Like many people, I remember where I was and what I was doing the morning of September 11, 2001. I was working the morning shift, 8 am - 10 am, at the reference desk. A student walked by and asked if I had heard a "small plane" hit one of the World Trade Center towers in New York City. I was helping someone use the catalog and shook my head. At my negative reply, he headed off to see what he could find and said he would let me know.

A few minutes later one of the reference staff came out to the desk and asked me the same question. I said no, but mentioned a student had just asked that very question. We decided to check for any information. It was still early, before 9 am, but CNN had a picture of one tower with damage and was trying to confirm what had happened. Word began to trickle in from patrons listening to the radio and watching television. Horror began to build as the depth and breadth of the tragedy grew. We persisted with, but their server was quickly overwhelmed. There was a television in the resource center, but without cable there was nothing but "snow." Students continued to arrive in the library and resource center with question, comments, concerns, and bits and pieces of information. We tried local TV affiliate web sites with a bit more luck and a lot more trepidation.

It was early in the term and the beginning of term convocation was scheduled at 11 am in the campus chapel. Several library staff members decided to attend and afterwards, a clearer picture began to emerge. Returning from the service, I stopped in the technical services office and was asked how close Shanksville, PA was to the Pittsburgh area, they had heard reports it was near the airport. I remember saying, no, not the airport, more east of the city towards the Laurel Mountains and Johnstown. We checked for it's location and were shocked by the plane going down in the field. I went back upstairs and tried to answer more questions from students and faculty in the library.

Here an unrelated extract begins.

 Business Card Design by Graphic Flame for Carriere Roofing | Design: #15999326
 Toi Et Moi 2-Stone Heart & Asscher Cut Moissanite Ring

By lunch time we were getting as much, if not more, information from people coming into the library than we could find online. The six degrees of separation were well into play at this time as people related they knew someone, who knew someone, who knew someone else dealing with the attacks. And by now, we were sure they were attacks. My someone was a friend and former co-worker who had a daughter, an "old" high school classmate of mine, working for the Joint Chiefs of Staff at the Pentagon. I emailed that library hoping for good news (I found out later she was fine).

I saw the picture on this post on Great some time ago. The American flag and the Towers standing tall, much as they did that morning, spoke to me. I had actually planned to use only the picture on this post as a tribute. But after watching services and listening to other remembrances on the news this morning, the day once again became a picture in my mind and I was compelled to share. I have vcr tapes of coverage that day that have never been viewed. I feel a duty, almost honor bound, to keep them as a testimony.

I can honestly say little or no library work was done on September 11, 2001. But a sense of community took over as we all talked and cried together, trying to understand. As the weeks turned into months, and the months now years, we are still trying to understand.